In a revealing online interview with Public Sector Executive, the highly paid council boss says ‘what most keeps me awake at night’ is dealing with issues as they emerge.
She says: “Am I certain that we have uncovered everything that needs to be revealed? Absolutely not. But as and when these issues emerge we will make sure they are dealt with properly and appropriately.”
Since the collapse of the council in April 2018 a series of problems have come to light.
The authority mis-spent £8m of funds intended for public health services and was also underpaying early years providers.
Previous finance director Mark McLaughlin said that financial legerdemain – slight of hand – had been used to fill financial gaps within the council and recently auditors KPMG said there had been a lack of expertise and a culture where staff were not held accountable for decisions.
In the interview Theresa Grant gives her view on why the council failed.
She said: “The commissioners and I share the view that the challenges in Northamptonshire did not start as financial issues. Rather over a considerable period of time poor decisions were made, meaning key services suffered and the organisation pursued fanciful and ineffective schemes.”

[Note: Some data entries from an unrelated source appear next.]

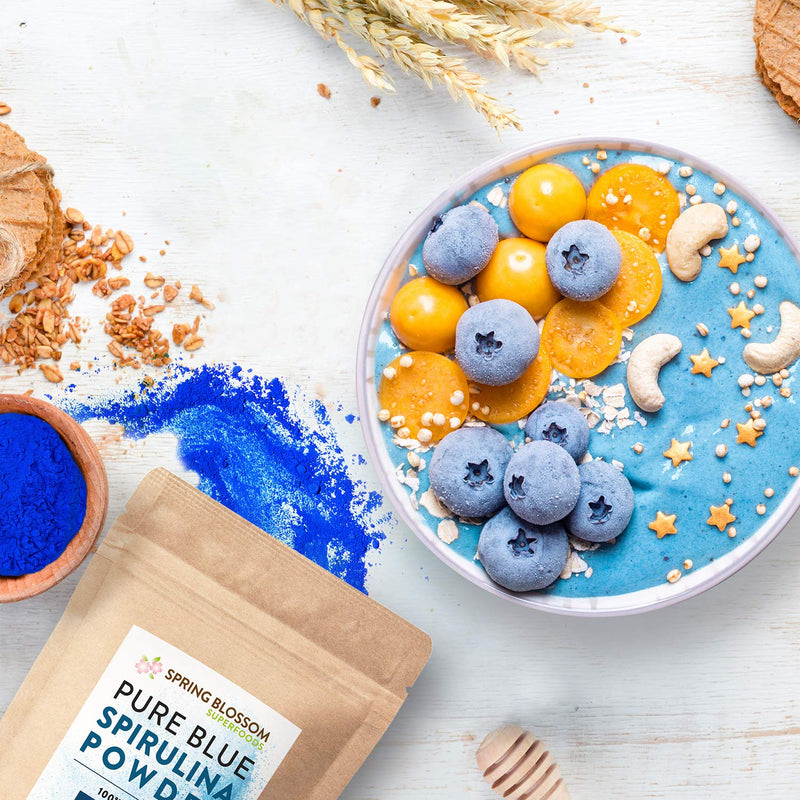 75G Blue Spirulina Powder 100% Natural Phycocyanin Vibrant Blue Colour Premium Quality Vegan Superfood Packed with Antioxidants, Protein, Vitamins & Amino Acids, Nutrient-Dense Immune System Booster - BeesActive Australia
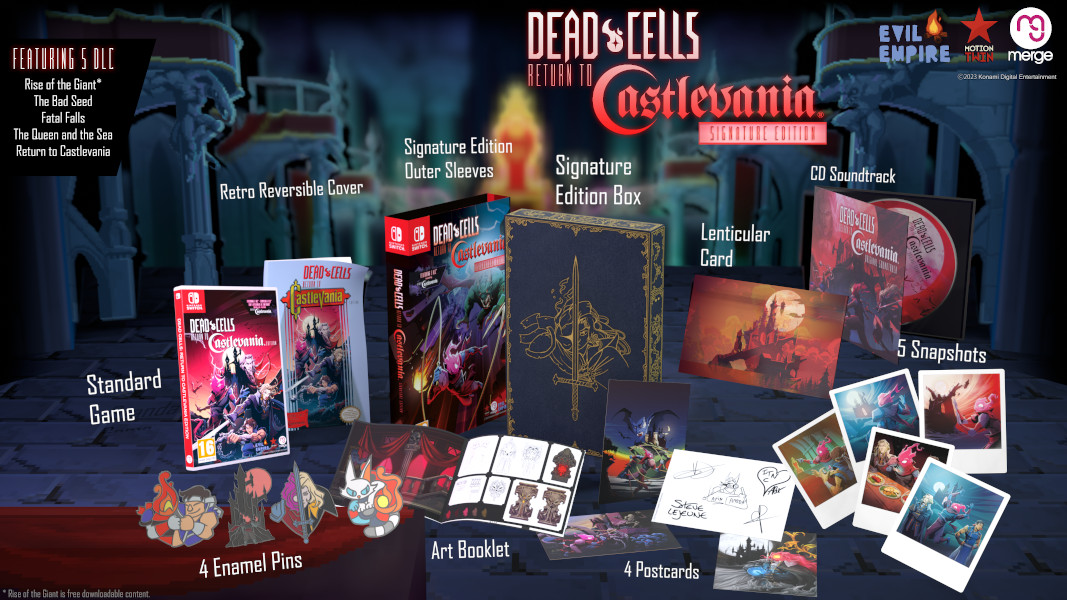 Una imagen que muestra la portada y el contenido de la edición 'Dead Cells: Return to Castlevania'.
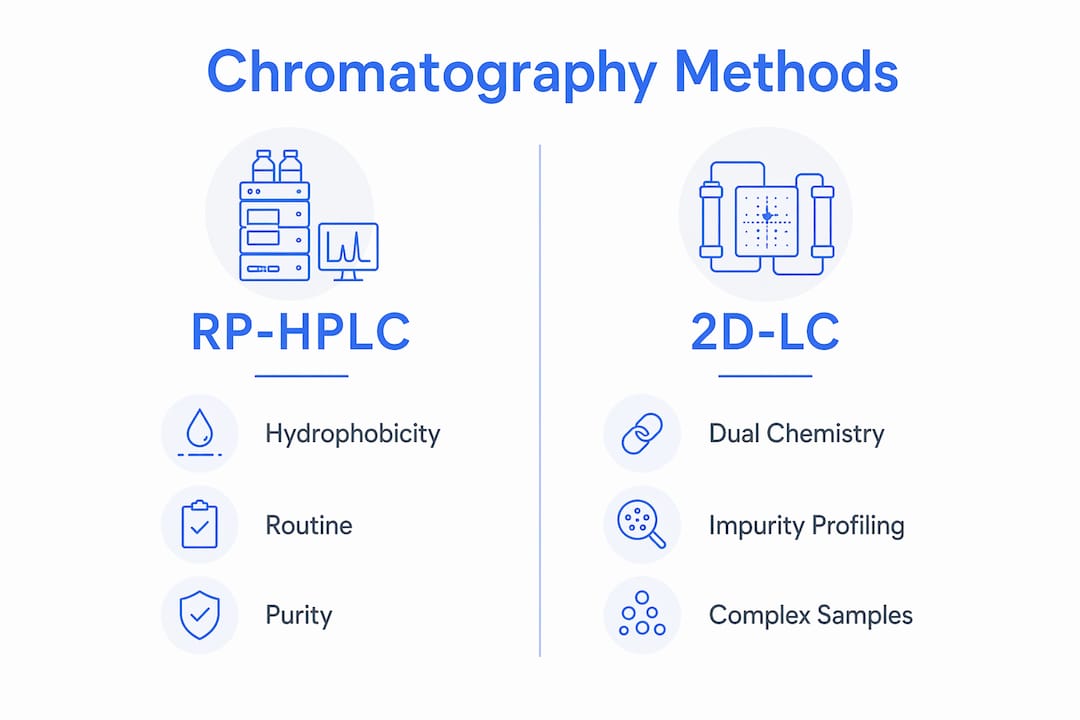 Infographic comparing peptide chromatography methods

A warning in 2015 by the council’s then finance officer to leader Jim Harker that the council was headed for a financial crisis and had to take drastic action was ignored.
In 2017/18 the council overspent by £35m – the first council to fail to balance its books in decades. Last year it had a £4.5m underspend, although these accounts are yet to be audited.
In the current 2019/20 financial year the authority is predicting at a £5m overspend by the end of the year with much of the financial pressures stemming from the authorty’s failing children’s services department.
The council boss, who moved to the role from Trafford council in August last year, says in the interview that the council still remains fragile but that for the first time in its recent history the council is getting a grip on its finances.